__YOUR GOAL__.
With pictures excluded, copy word for word the lines in the data below from the line containing "Başkan Soyer evde" through the line containing "Comme des Garcons".
BEGIN DATA IN THIS EXERCISE
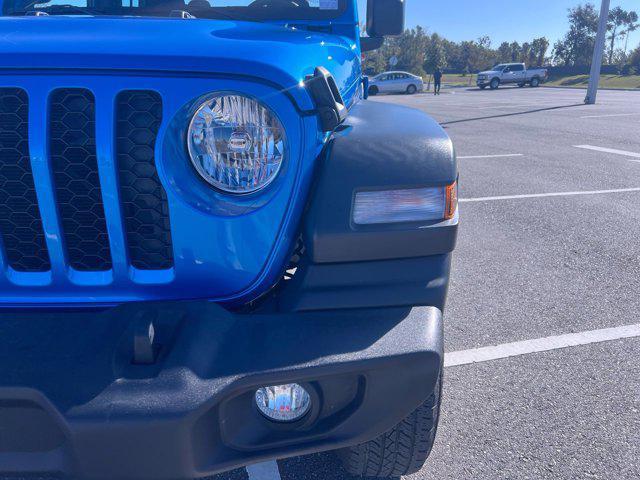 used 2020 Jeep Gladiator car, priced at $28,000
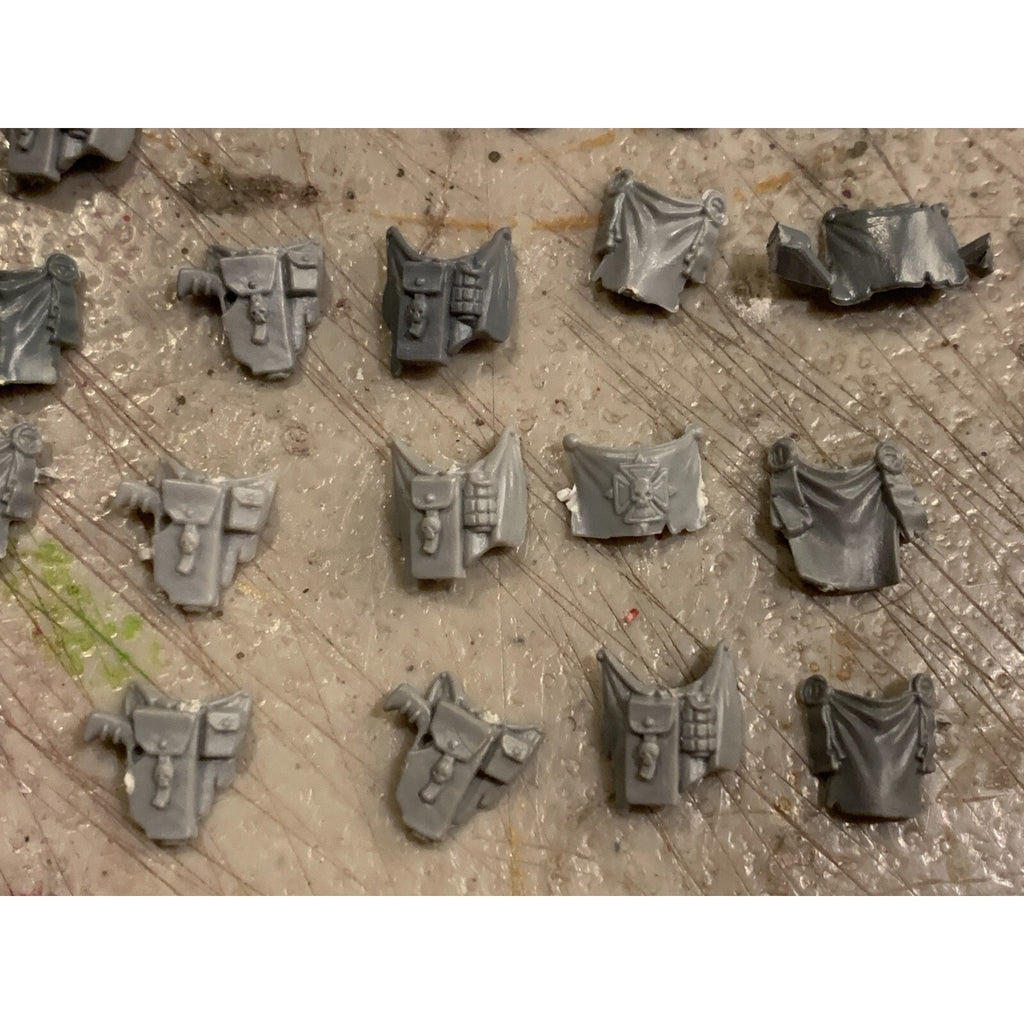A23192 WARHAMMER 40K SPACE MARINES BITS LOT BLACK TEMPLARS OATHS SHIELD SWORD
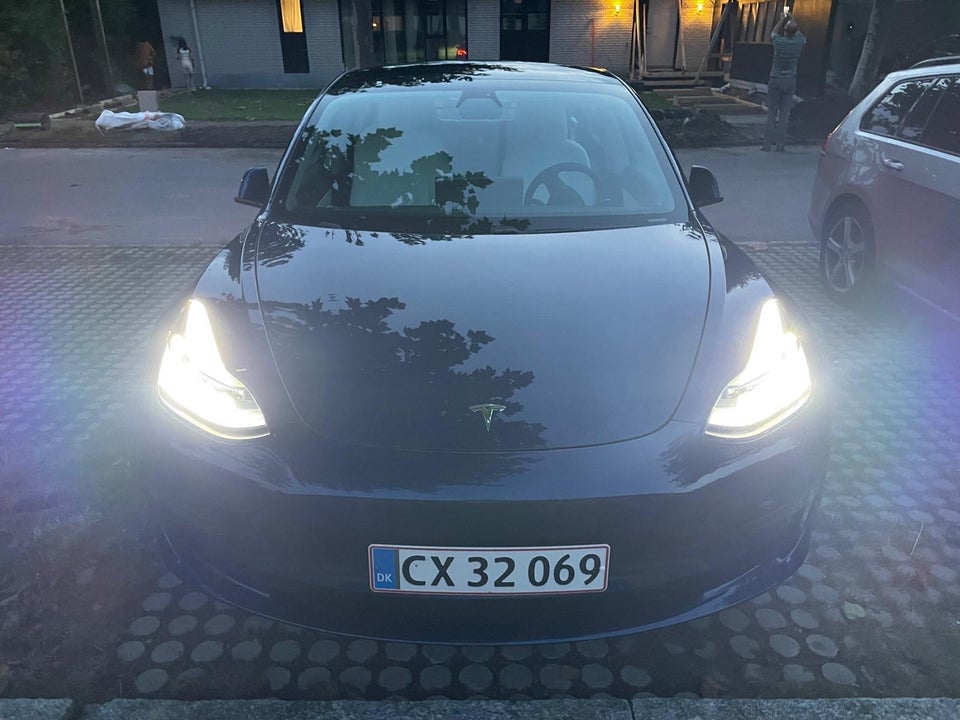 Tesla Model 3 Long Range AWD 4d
END DATA IN THIS EXERCISE
BEGIN DATA IN THIS EXERCISE
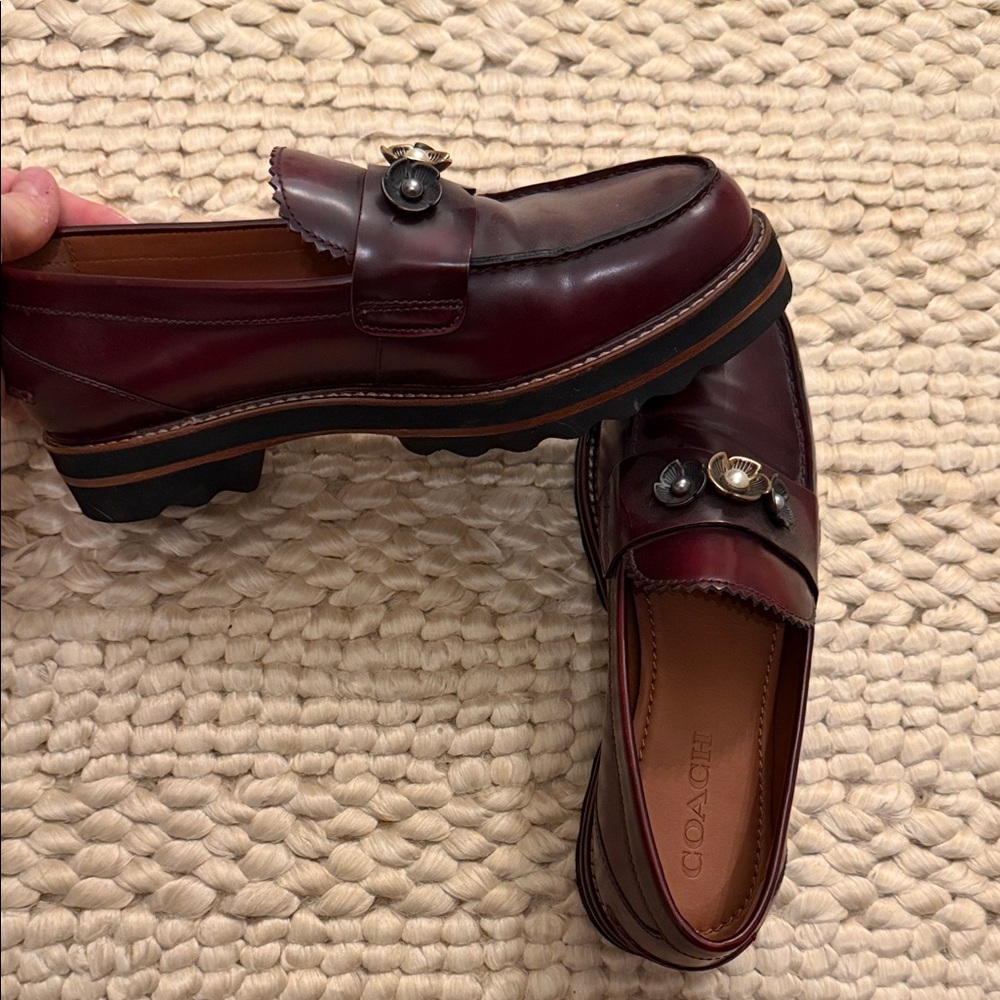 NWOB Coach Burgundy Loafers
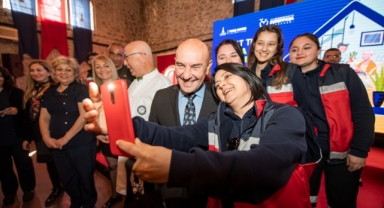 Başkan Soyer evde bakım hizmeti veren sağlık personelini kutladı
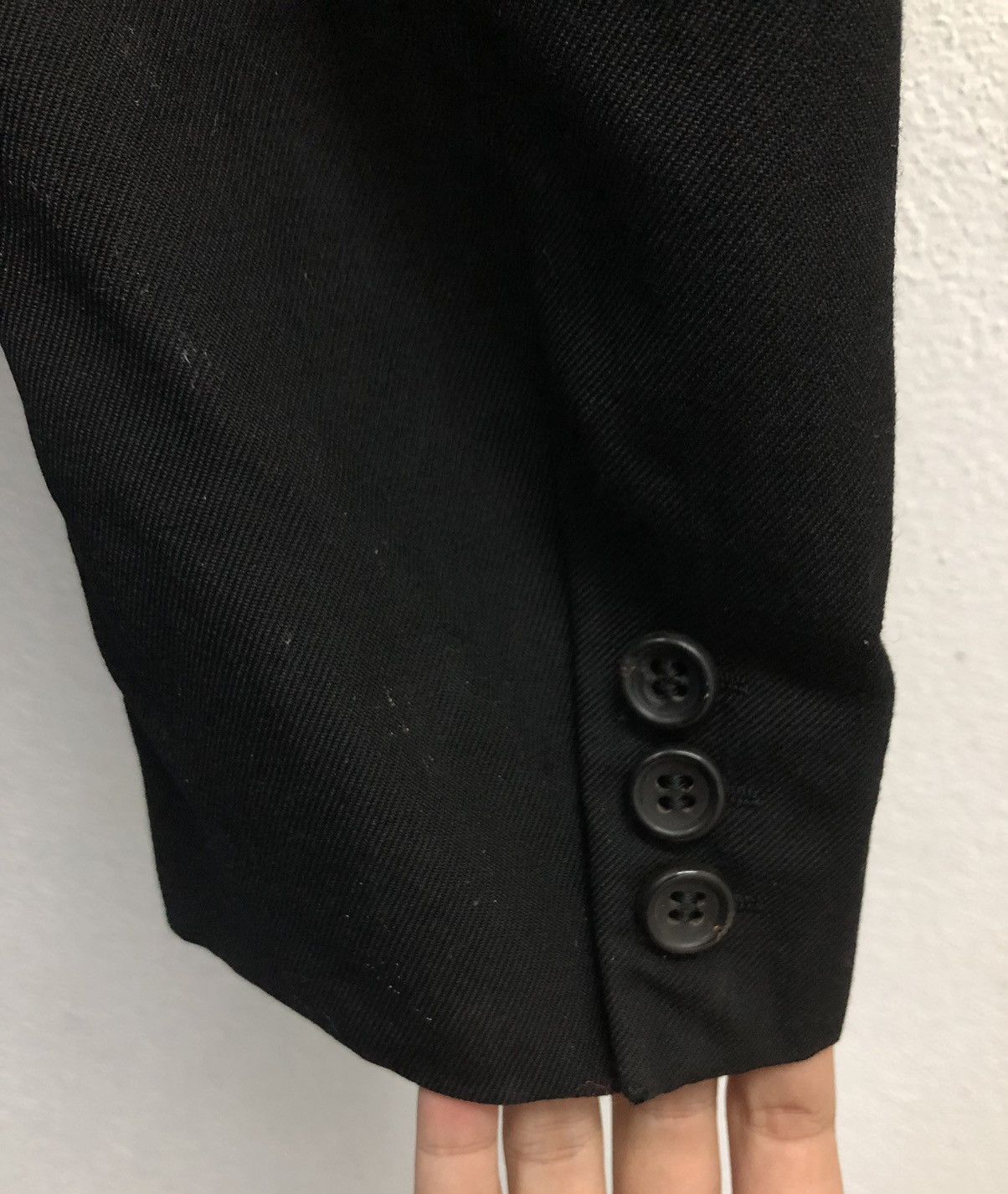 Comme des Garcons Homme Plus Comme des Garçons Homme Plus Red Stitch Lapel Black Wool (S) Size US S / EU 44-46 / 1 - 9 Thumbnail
END DATA IN THIS EXERCISE
__WRITTEN SOLUTION__.
 Başkan Soyer evde bakım hizmeti veren sağlık personelini kutladı
 Comme des Garcons Homme Plus Comme des Garçons Homme Plus Red Stitch Lapel Black Wool (S) Size US S / EU 44-46 / 1 - 9 Thumbnail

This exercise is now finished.